When I next saw Lee I just couldn’t believe my eyes – what a transformation! He was sitting up in bed and was able to chat lucidly and freely. He said that the last treatment was amazing and he felt as though something had definitely shifted. His visitors later that evening all commented that they could see his old self was back again, something they hadn’t seen for a very long time. Lee told me that he felt very strong, in fact he used the words 'normal again', and he knew absolutely that this was not his time to go. 

I continued to visit Lee twice weekly in the Hospice and he seemed to be going from strength to strength, despite a major setback a couple of weeks previously. At that time, he had been doing very well indeed - he was no longer reliant upon oxygen, his breathing was normal, he had good pain control and had regained his appetite. In acupuncture terms, his pulses had regained their balance and I was treating him very minimally, purely on command points.
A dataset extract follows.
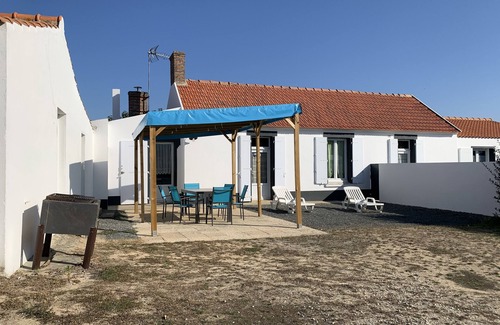 Notre-Dame-de-Monts House | Maison de Vacances Chaleureuse à 10 mn de la Plage et Centre Bourg à Pieds!
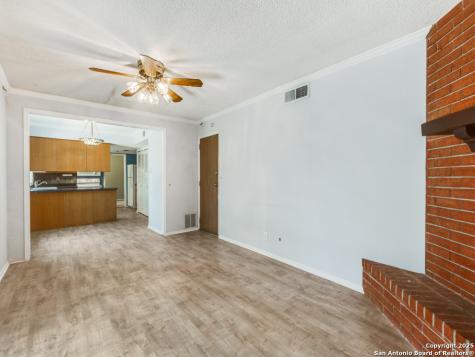 15101 Encino Verde San Antonio TX 78232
However, things went pear-shaped a couple of days later when his bowels appeared to be blocked – in an attempt to regain weight, he had been eating an enormous amount of food (2500 calories per day) but his bowels had stopped working (probably due to the morphine and other drugs) and nothing was getting through. He was once again in tremendous pain, had a stomach drain in situ, was nil by mouth and was scheduled to have ileostomy surgery. The pulse imbalance had returned with a vengeance, he was in very low spirits and did not feel up to any needling, so I treated him with acupressure instead.

A few days later, I received the message that Lee’s bowels had started to work again and that he had a reprieve from surgery - and when could I come to give him another treatment!  At my next visit, once again I was amazed at the difference in him – the pulse imbalance had disappeared again – in fact, the pulses were the most even to date. This time I performed a gentle ‘clearance’ treatment as before and finished by gently needling just four points.

Lee’s transformation was such that he was allowed to go home after a few weeks, although he continued with his chemotherapy as an outpatient. He told me that he felt the work we were doing together was extremely worthwhile and he really looked forward to his treatments. He said he felt very focussed and strong afterwards, and also relaxed and rested, but energised. Above all, he said that I was probably his only visitor who came without making any demands, physically or emotionally - for which he was immensely grateful.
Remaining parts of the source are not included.